Soi-disant à l’origine de l’effritement de la cohésion sociale, notre modèle fondé sur le principe de solidarité est présenté en filigrane comme l’un des principaux responsables des maux de notre société où les bénéficiaires d’aides, poussés à choisir l’assistance plutôt que le retour vers n’importe quelle activité, encouragent la défiance sociale. Force Ouvrière répond à cette charge contre notre système que seule l’individualisation de la société, porteuse d’inégalités, est la vraie responsable du délitement de cette dernière.
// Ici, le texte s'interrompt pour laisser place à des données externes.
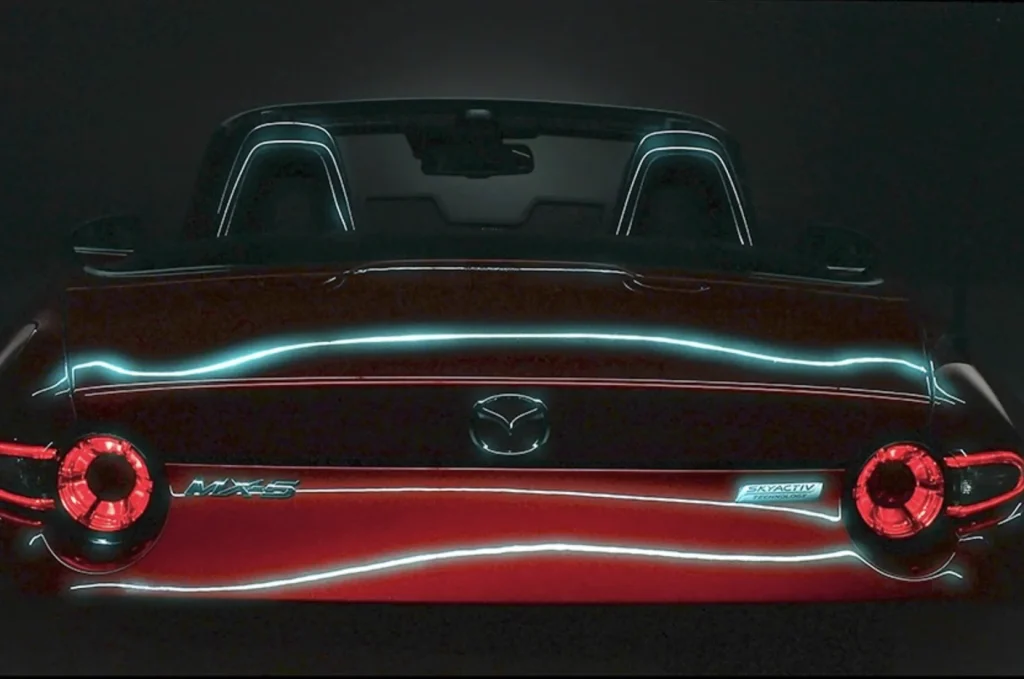 Mazda MX-5 Artist Wrap — view 3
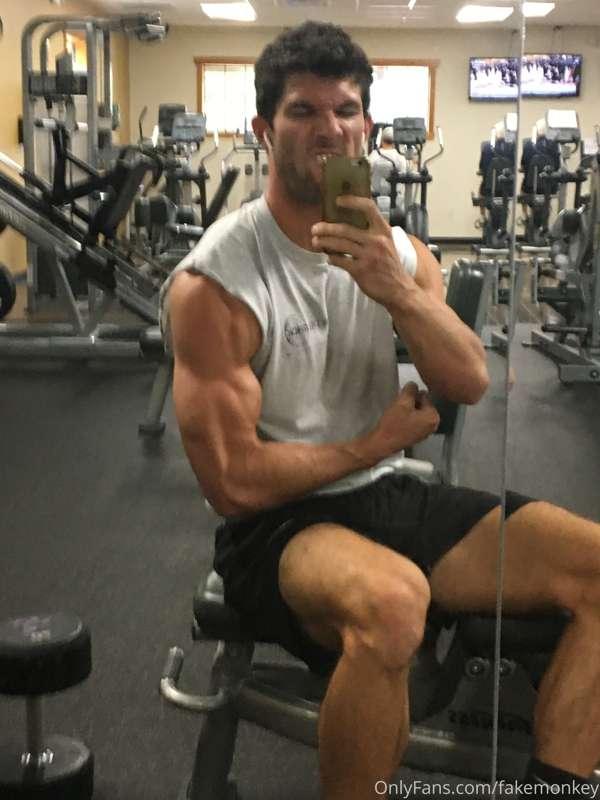Back in the gym! I'll soon start sharing videos of my workou..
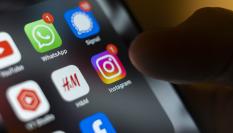 Persona mirando su móvil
Contrairement au nouveau monde né de la cuisse de Jupiter et se résumant à l’affirmation vouloir, c’est pouvoir
, le modèle actuel repose sur une conception progressiste où l’on refuse de parvenir seul, dans un esprit fraternel dont Force Ouvrière se réclame. La corde est la même pour tous et quand on a la chance d’être devant, tendre la main aux suivants par le partage et la redistribution, c’est finalement prospérer en permettant à chacun de passer de l’autre côté de la montagne. A contrario, quand on est seul avec sa corde, on sait bien comment cela se termine…
La Sécurité sociale, d’une modernité sans pareille par sa capacité à offrir la plus grande mutualisation des risques possible, incarne le plus bel exemple de construction de solidarité collective entre les bien portants et les malades, les actifs et les retraités, ou encore entre les familles et les ménages sans enfant grâce à l’application du juste principe « cotiser selon ses moyens, recevoir selon ses besoins ». Force Ouvrière récuse ainsi fermement la disparition progressive d’un salaire socialisé, garant des droits collectifs, au profit d’un système d’assistance publique ou de charité financé par l’impôt, dont les bénéficiaires sont à la merci de choix idéologiques des exécutifs en place.
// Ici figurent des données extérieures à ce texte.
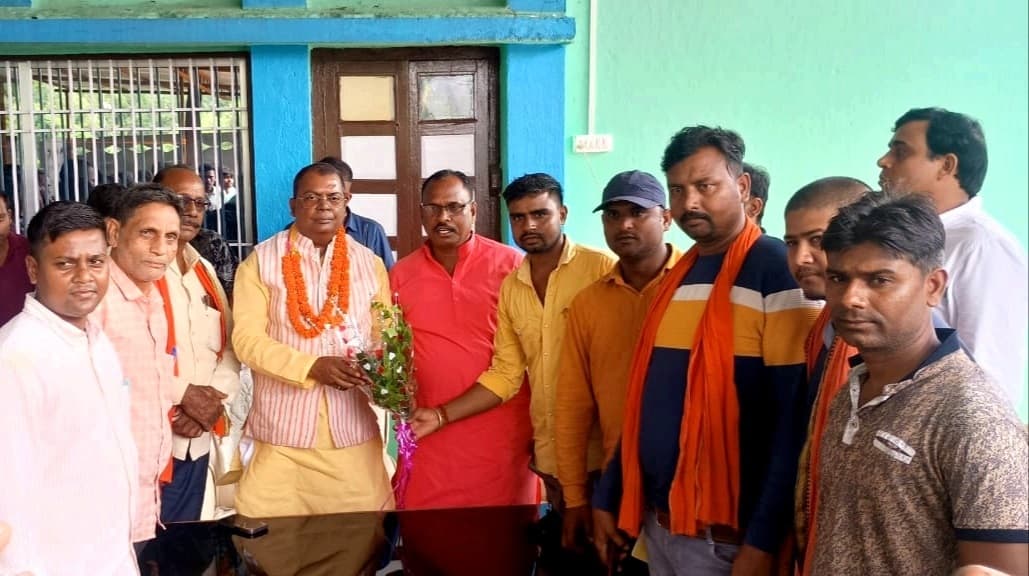 Bokaro News : मूल रैयत विस्थापित मोर्चा ने सांसद को सौंपा मांग पत्र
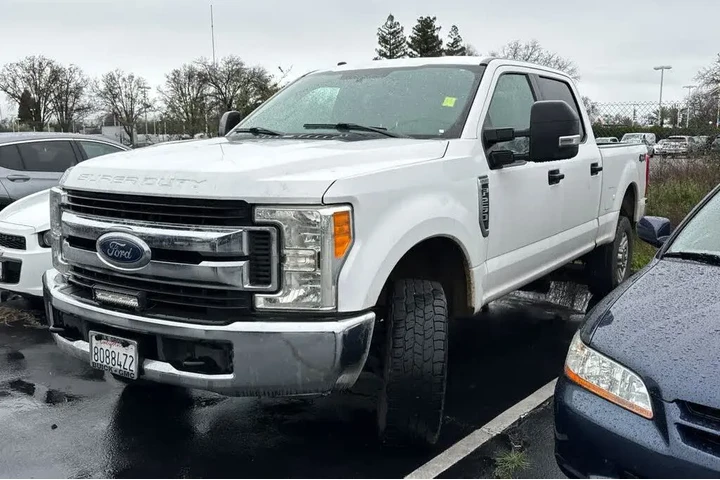 $33880 : Ford F-250 Super Duty 2018 4 image 1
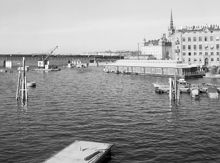 Järnvägsbron sedd från Västra Slussrampen. Öster om Järnvägsbron ska bron för tunnelbanan byggas. Vid Kornhamnstorg ligger Fiskhallen, en saluhall på pontoner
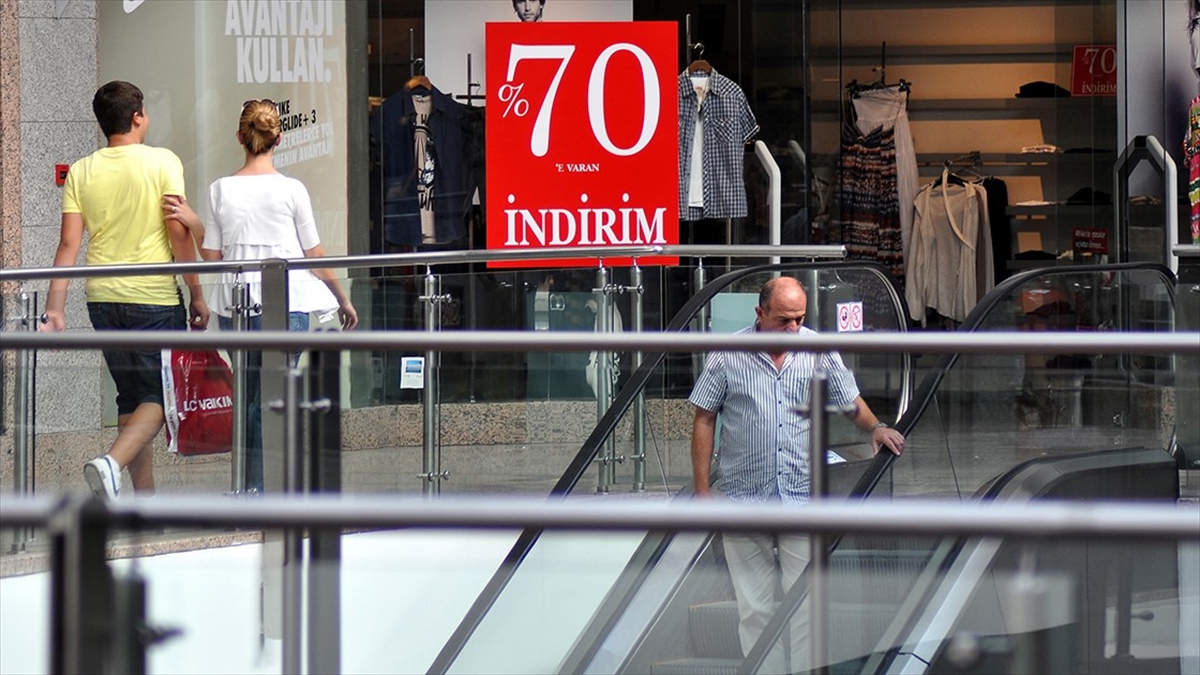 Perakendede 60 Bin Mağazanın İndirime Gitmesi Bekleniyor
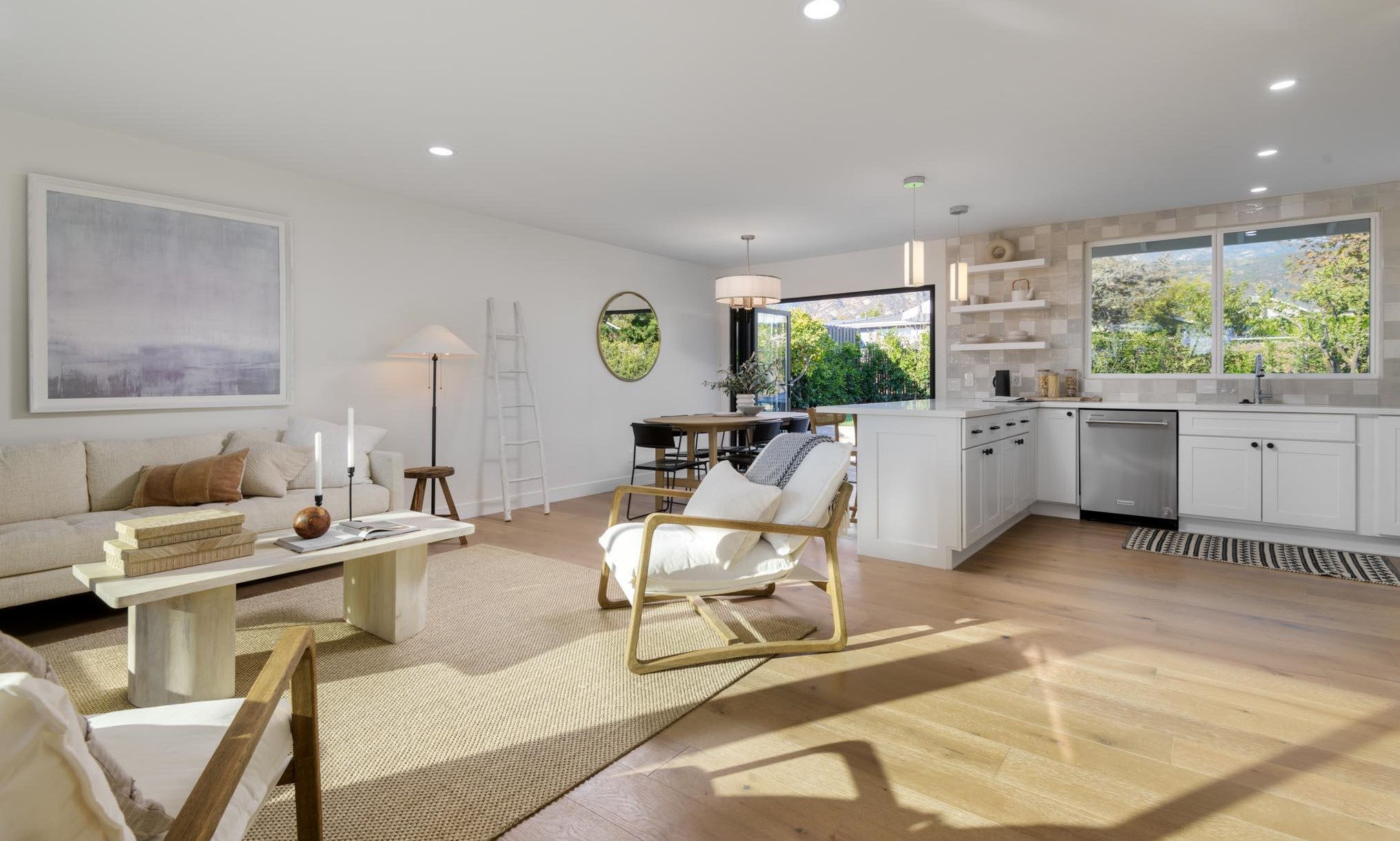 4898 Malibu Dr, Carpinteria, CA 93013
Fruit d’une histoire syndicale et militante écrite parfois en lettres de sang, notre modèle est lui-même né de la solidarité nationale et internationale des travailleurs à la conquête d’un avenir meilleur. À l’image de la force du collectif et de la camaraderie qui ont permis la victoire de ces batailles, ce cadre social fondé dans l’ombre par quelques-uns au profit de tous, auquel Force Ouvrière a grandement contribué et pour lequel elle milite toujours, est pétri de solidarité en prenant en compte la diversité des besoins sociaux.
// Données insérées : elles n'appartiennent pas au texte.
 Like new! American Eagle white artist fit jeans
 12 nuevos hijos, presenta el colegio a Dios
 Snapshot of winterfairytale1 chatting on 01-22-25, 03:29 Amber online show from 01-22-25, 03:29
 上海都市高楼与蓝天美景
Sauver notre modèle fondé sur le principe de solidarité est ainsi l’une de nos plus belles batailles.
Et il faudra bien traverser la rue, non pas pour se chercher, seul, une activité sans avenir, mais ensemble dans l’unité la plus grande le 9 octobre prochain, pour revendiquer notamment l’importance de cette valeur, celle-là même qui fait le ciment de notre société et qui, par le collectif comme l’égalité de droits, permet de s’émanciper de ses chaînes.